By David Shepardson
(Reuters) – General Motors CEO Mary Barra’s total compensation in 2023 fell 4% to $27.8 million, the largest U.S. automaker said Wednesday.
The Detroit automaker also said GM President Mark Reuss’ total compensation in 2023 rose to just under $18 million, up from $14.3 million, while Chief Financial Officer Paul Jacobson’s compensation rose to $11.1 million last year, up from $10.2 million.
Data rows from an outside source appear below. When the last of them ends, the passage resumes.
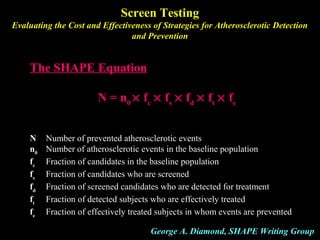 Screen Testing
Evaluating the Cost and Effectiveness of Strategies for Atherosclerotic Detection
and Prevention
The SHAPE EquationThe SHAPE Equation
N = nN = n00 ×× ffcc ×× ffss ×× ffdd ×× fftt ×× ffee
N Number of prevented atherosclerotic events
n0
Number of atherosclerotic events in the baseline population
fc
Fraction of candidates in the baseline population
fs
Fraction of candidates who are screened
fd
Fraction of screened candidates who are detected for treatment
ft
Fraction of detected subjects who are effectively treated
fe
Fraction of effectively treated subjects in whom events are prevented
George A. Diamond, SHAPE Writing Group
 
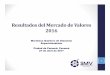 Resultados del Mercado de Valores 2016 - y el Memorando de Entendimiento entre la Superintendencia del Mercado de Valores y la Superintendencia de Bancos. 4. · 2017-4-27
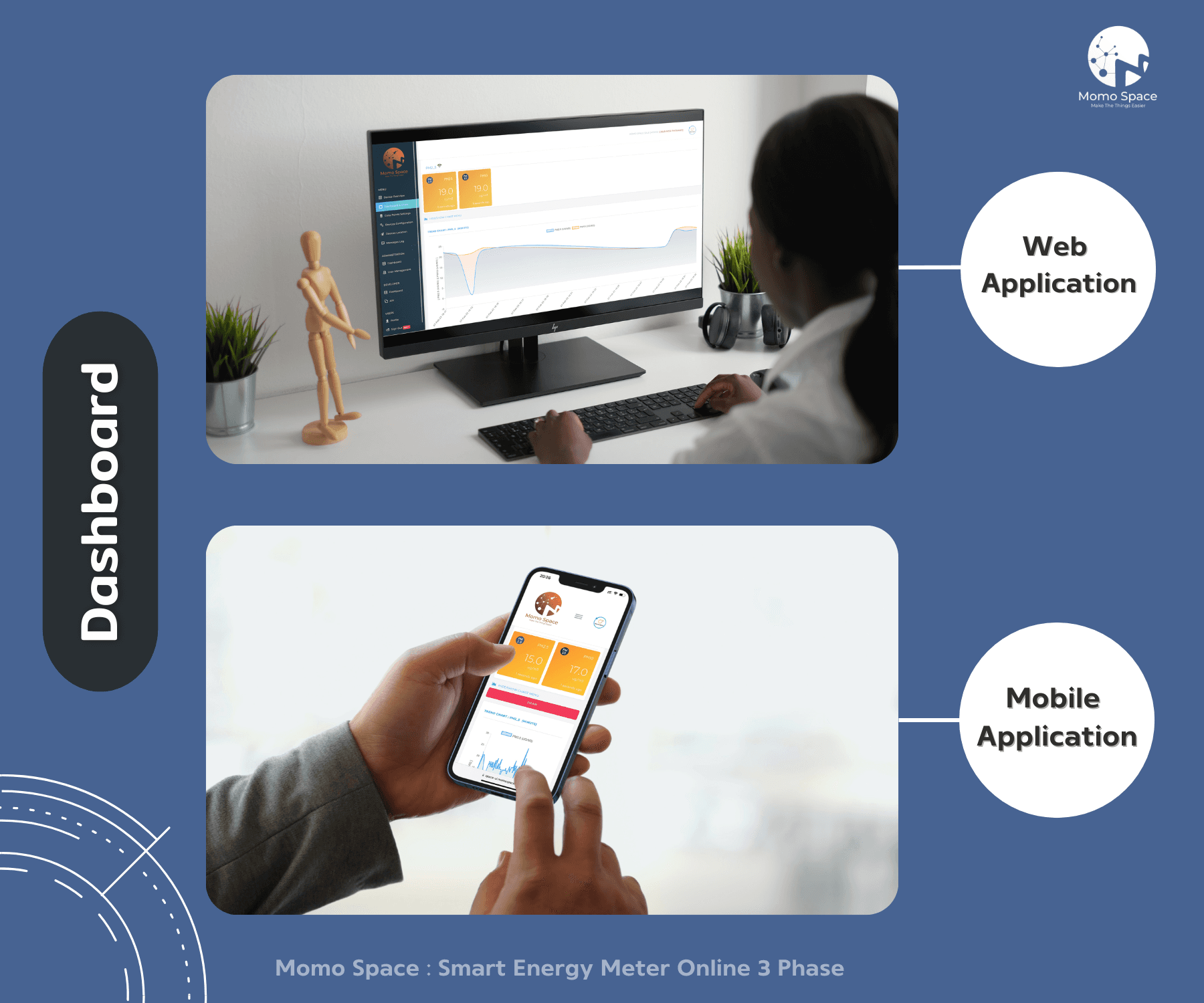 Smart Meter 3 Phase Online (Wi-Fi) – CT Split Core ชุดวัดพลังงานไฟฟ้า 3 เฟสออนไลน์ การเชื่อมต่อแบบ Wi-Fi 2.4G 5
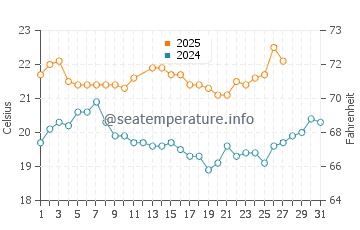 Albany water temp chart in March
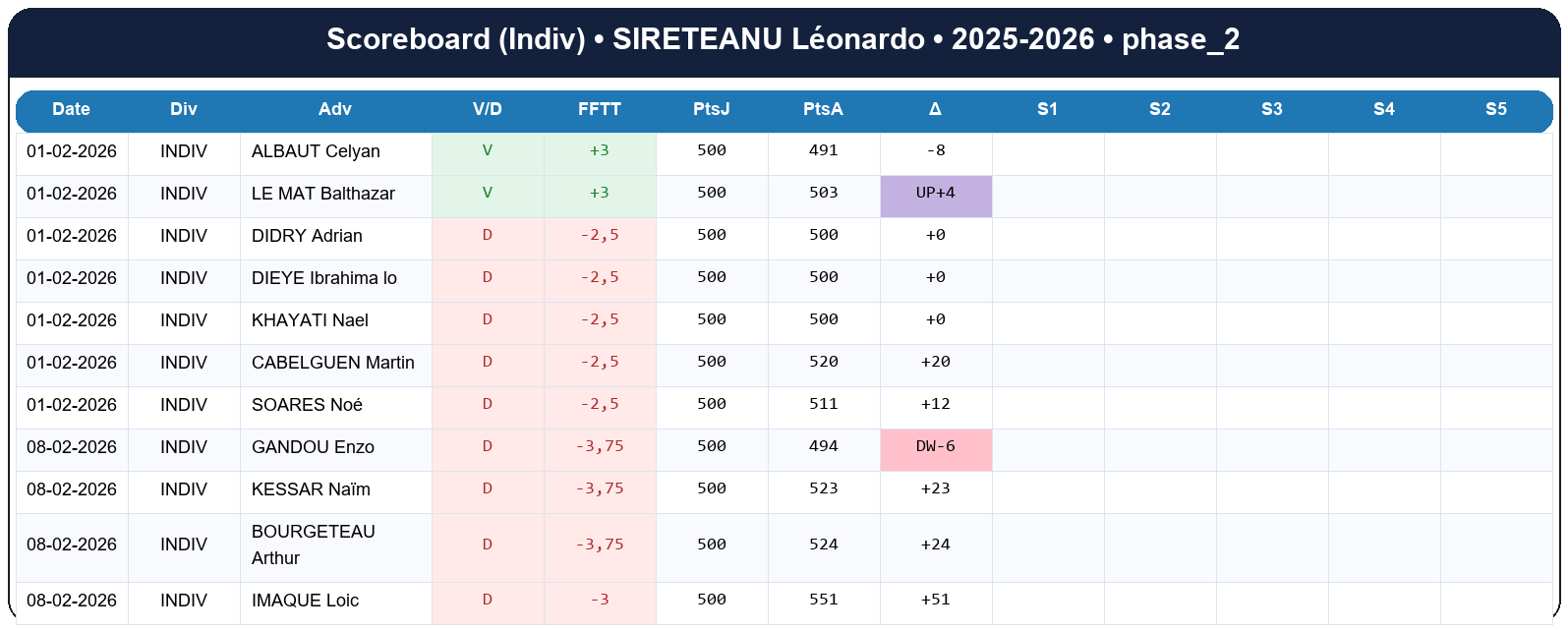 phase 2  sireteanu léonardo  2025-2026  9467880  03 scoreboard indiv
GM general counsel Craig Glidden, who was also named president and chief administrative officer at self-driving unit Cruise last year, received $11.5 million.
GM board member Wesley Bush, who chairs the compensation committee, said in GM’s proxy filing the automaker delivered a strong financial performance in 2023, continued to lead the industry in total U.S. sales and returned “significant cash to shareholders through dividends and the implementation of a $10 billion accelerated share repurchase program.”
GM did not increase Barra’s or Reuss’ target compensation for 2024.
Bush said GM “underperformed relative to its commitments on its transformation journey in 2023, particularly with EV production and AV technology” that impacted GM’s stock price, the value of stock options and other executive stock-based compensation.
“We believe these outcomes demonstrate that our incentive plans operate effectively to appropriately reward both annual and long-term performance,” Bush wrote.
In contract talks last year, the United Auto Workers union harshly criticized the compensation of the Detroit Three automakers including Barra, who received $29 million in 2022 in total compensation.
After targeted strikes, the UAW’s deals for its members secured an immediate 11% pay rise and 25% increase in base wages through 2028.
In February, Chrysler-parent Stellantis said CEO Carlos Tavares received a 56% boost in total compensation to 36.49 million euros ($39 million) in 2023.
Tavares told reporters last week “90% of my salary is determined by the results of the company, so this proves that the company’s results are apparently not too bad.”